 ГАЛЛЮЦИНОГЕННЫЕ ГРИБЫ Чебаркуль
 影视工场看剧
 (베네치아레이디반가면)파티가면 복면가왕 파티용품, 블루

※ ※ ※

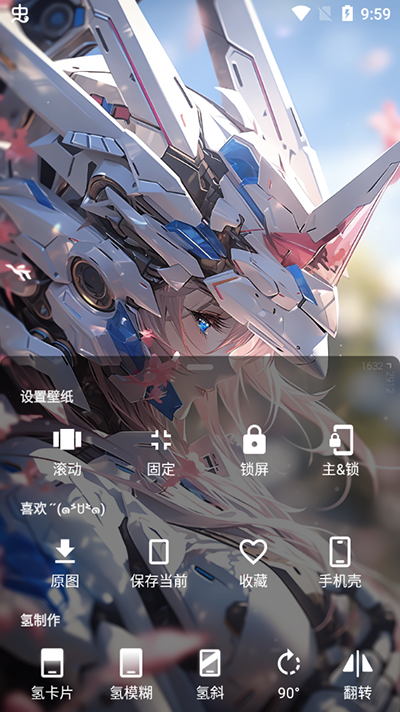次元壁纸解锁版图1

※ ※ ※

> THE TASK
Return, word for word, the lines of the data above from the line with "ГАЛЛЮЦИНОГЕННЫЕ ГРИБЫ Чебаркуль" through the line with "(베네치아레이디반가면)파티가면 복면가왕 파티용품, 블루", inclusive.

> RESULT OF THE EXERCISE
 ГАЛЛЮЦИНОГЕННЫЕ ГРИБЫ Чебаркуль
 影视工场看剧
 (베네치아레이디반가면)파티가면 복면가왕 파티용품, 블루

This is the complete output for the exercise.